I had just responded to my wife’s call for assistance with a water hose leak, when with my terrible hearing, I perceived a low level consistent roar. I asked my wife what was that noise and just before she said “bees!,” I realized I was hearing a swarm – a big one. Today is July 13. Why is a swarm coming in? Is it my bees or are they free? I was completely unprepared to hive this large late season swarm. This swarm story is still unfolding. I have never done this before, but essentially, I am developing two articles at one time.
I am trying to write about bear activities as I periodically run back to a nearby apple tree to monitor this large, skittish swarm that is reluctantly entering my hive box. You can guess what next month’s article will address -late season swarms.
I now return to the bear article in progress.
This young bear-guy was on the move. He was covering significant distances and seemed to be in a hurry to get nowhere. Now move to chapter two of this NE Ohio bear story.
I was in my mobile phone store, when a familiar-looking guy said, “Dr. Tew, how is it going? Bees still in good shape?” As I expected, he was a local beekeeper who had attended many of my workshops when I was working for the Ohio State University.
He said, “You know that bear that has been all the talk? He found my beehives and destroyed them all.” I was surprised to learn that fact. The bear had moved about 18 miles south from the Akron area. What are the chances in all that territory of that bear finding the hives of beekeeper Glen T.? We talked about the mess and the cleanup, and I offered all the sympathy I could. My last (and only) bear attack was about 35 years ago when a friend of mine and I kept bees in Quebec, Canada.
The last known Ohio wild bear was killed in 1850. If I may speak for many Ohioans, we don’t have a lot of bear behavior experience – with anything but certainly not our bees.

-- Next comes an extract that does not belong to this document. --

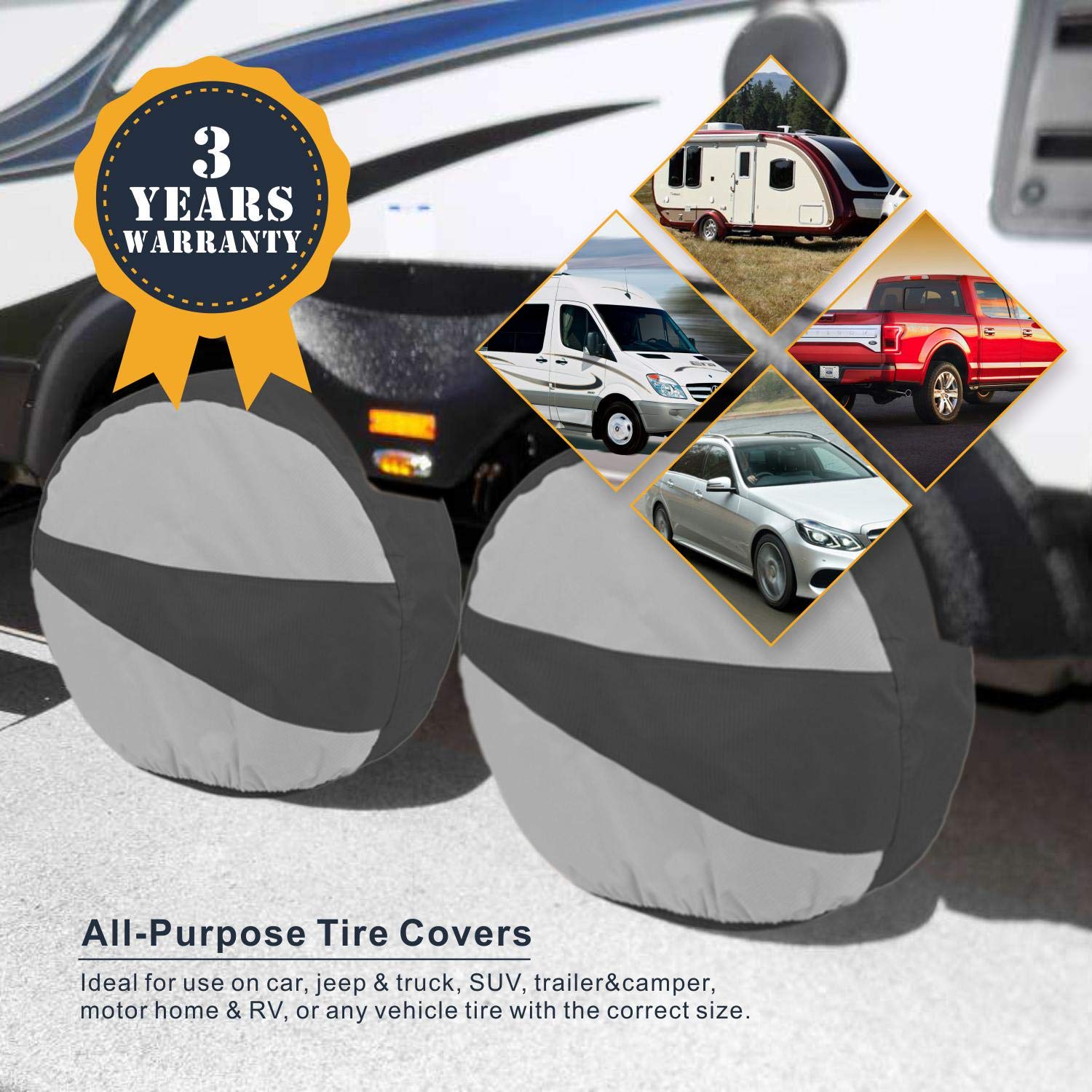Explore Land Tire Covers 2 Pack - Tough Tire Wheel Protector For Truck, Suv, Trailer, Camper, Rv - Universal Fits Tire Diameters 29-31.75 Inches, Black & Gray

My name was called for my phone repair work, so Glen and I parted ways. I didn’t hear anything more about the bear for a while.
Maybe a week later and with modest fanfare, the bear was reported to have been killed on an interstate highway – once again near Akron. Wow! What a bear-trip that was. For a brief moment, Ohio was like other states that deal with these large animals. But now, the Ohio bear had been accidentally killed. We could all go outside again.
The Canadian bee caper
I mentioned my Canadian bee/bear experience. It happened maybe 35 to 40 years ago. I was new to Ohio and had formed a friendship with a fellow worker who had a cottage in the wilds of Quebec. After visiting the cottage a couple of times and being as consumed with bees as I was, I concocted a light-weight idea. My friend and I would start a bee operation at his cottage.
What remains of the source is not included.